**Source material**
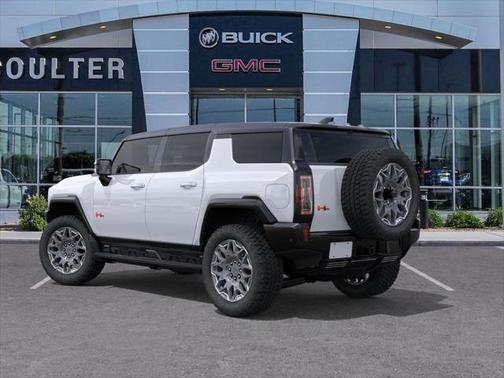 2025 GMC HUMMER EV SUV 3X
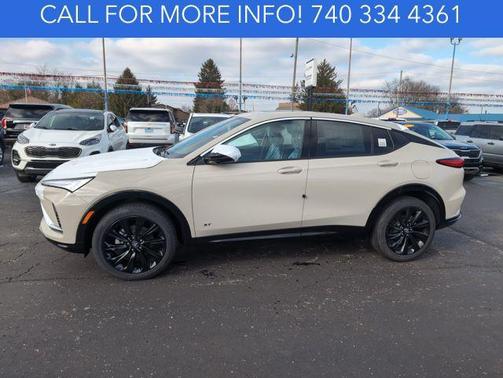 2026 Buick Envista Sport Touring FWD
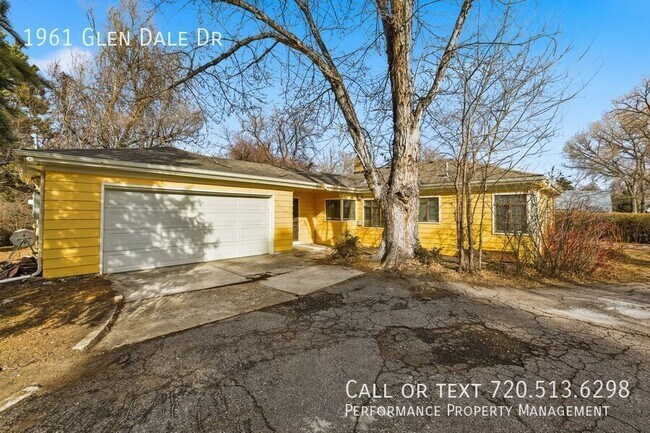 property at 1961 Glen Dale Dr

**About this exercise**
Every line of the data above should be repeated exactly. Omit the pictures.

**Problem solution**
 2025 GMC HUMMER EV SUV 3X
 2026 Buick Envista Sport Touring FWD
 property at 1961 Glen Dale Dr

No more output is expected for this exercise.